=== Data in this exercise ===
# # # #
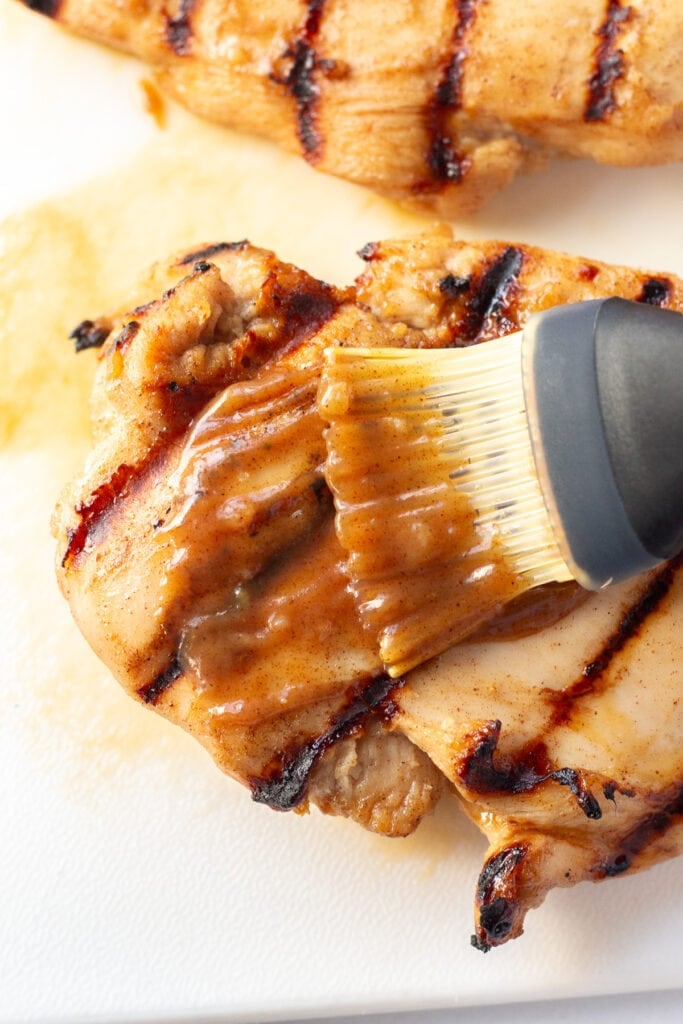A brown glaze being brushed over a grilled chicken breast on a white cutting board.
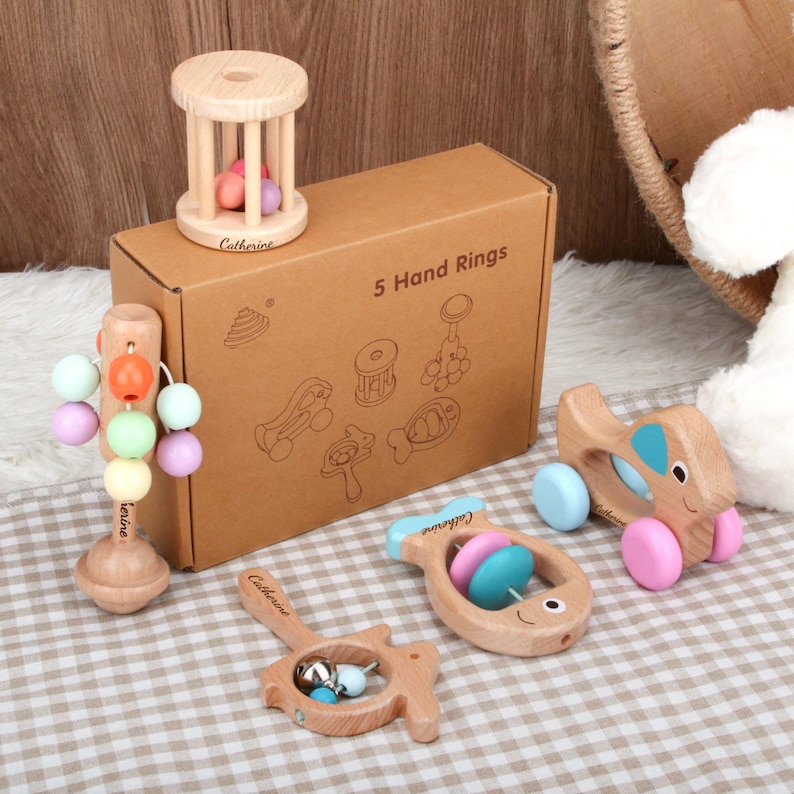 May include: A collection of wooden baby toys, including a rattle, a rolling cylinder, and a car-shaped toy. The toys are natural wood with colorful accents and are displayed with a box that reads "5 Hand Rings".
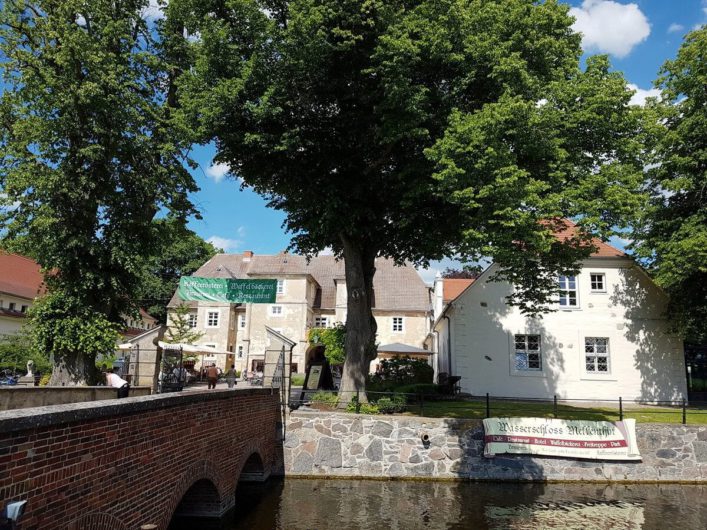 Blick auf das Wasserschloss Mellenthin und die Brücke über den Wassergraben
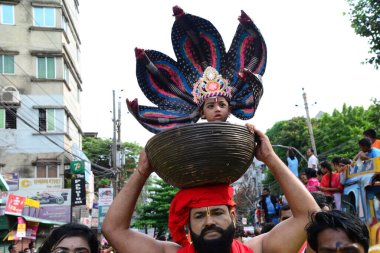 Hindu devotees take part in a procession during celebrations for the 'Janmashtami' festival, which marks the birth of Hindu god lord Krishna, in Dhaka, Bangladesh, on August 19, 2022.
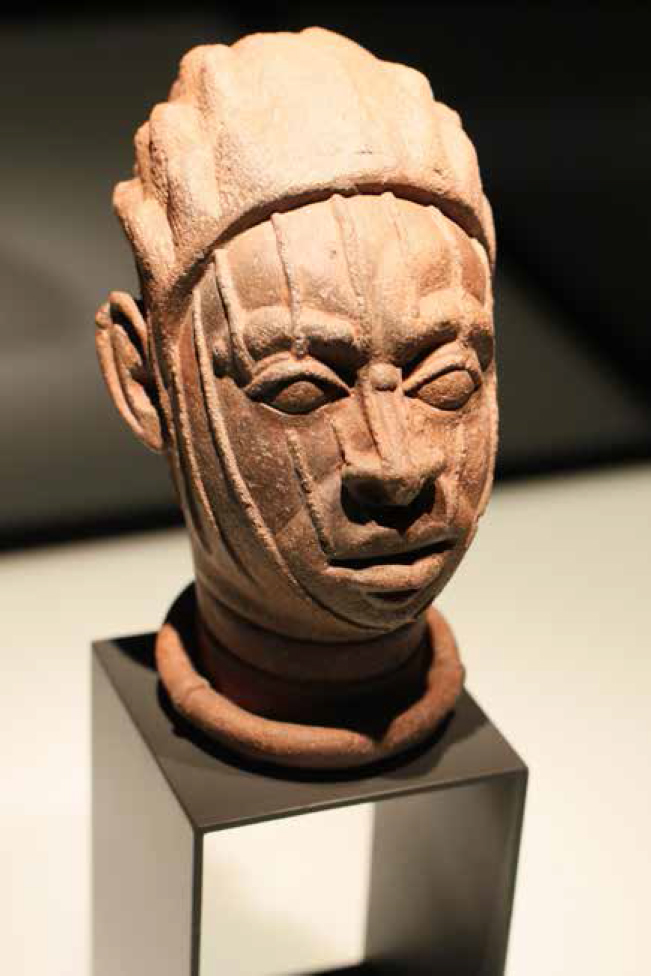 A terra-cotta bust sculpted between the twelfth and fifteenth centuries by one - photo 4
# # # #
=== Instructions to follow ===
Leave every picture out and return exactly the lines from the one holding "Hindu devotees take" through the end of the records above, both ends included, and nothing more.

=== Output ===
 Hindu devotees take part in a procession during celebrations for the 'Janmashtami' festival, which marks the birth of Hindu god lord Krishna, in Dhaka, Bangladesh, on August 19, 2022.
 A terra-cotta bust sculpted between the twelfth and fifteenth centuries by one - photo 4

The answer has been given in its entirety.